• [Try it]: Every line of the listing below should be written out exactly, minus its pictures.

• [Data to process]:
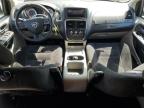 2014 Dodge Grand Caravan Sxt for Sale in Anderson, CA - Minor Dent/Scratches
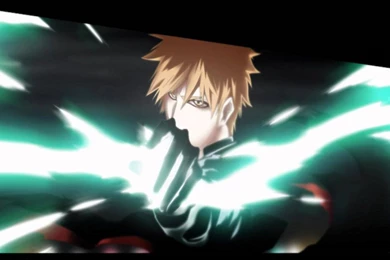 Bleach OST   Neliel Vs Nnoitra   YouTube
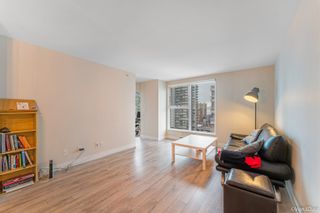 Photo 12: 2007 1323 HOMER Street in Vancouver: Yaletown Condo for sale (Vancouver West)  : MLS®# R2741928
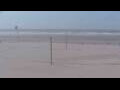 Webcam Bredene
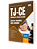 Apostila TJ CE 2026 Analista Judiciário – Área Judiciária - Imagem 2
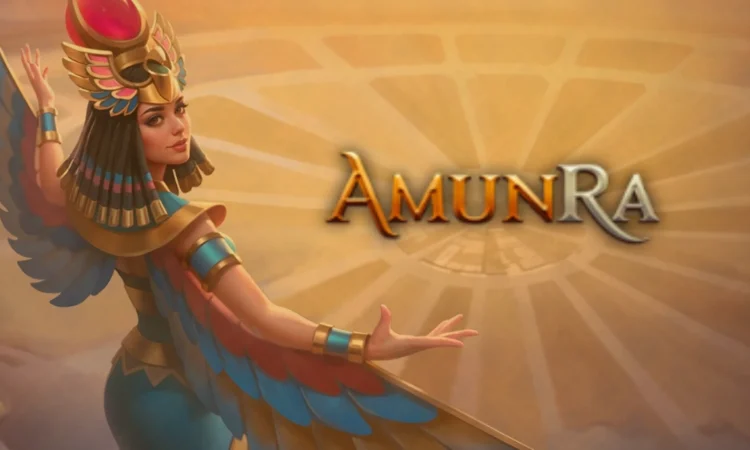 Amunra recensioni online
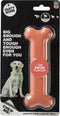 TastyBone - Large - Bacon - Hond - Kauwspeelgoed - Vegan - Kluif - Nylabone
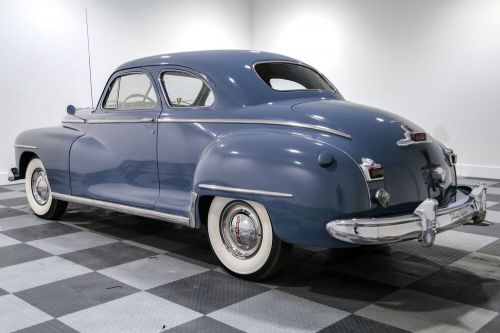 1948 Dodge Coupe, US $21,999.00, image 21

• [Result for this exercise]:
 2014 Dodge Grand Caravan Sxt for Sale in Anderson, CA - Minor Dent/Scratches
 Bleach OST   Neliel Vs Nnoitra   YouTube
 Photo 12: 2007 1323 HOMER Street in Vancouver: Yaletown Condo for sale (Vancouver West)  : MLS®# R2741928
 Webcam Bredene
 Apostila TJ CE 2026 Analista Judiciário – Área Judiciária - Imagem 2
 Amunra recensioni online
 TastyBone - Large - Bacon - Hond - Kauwspeelgoed - Vegan - Kluif - Nylabone
 1948 Dodge Coupe, US $21,999.00, image 21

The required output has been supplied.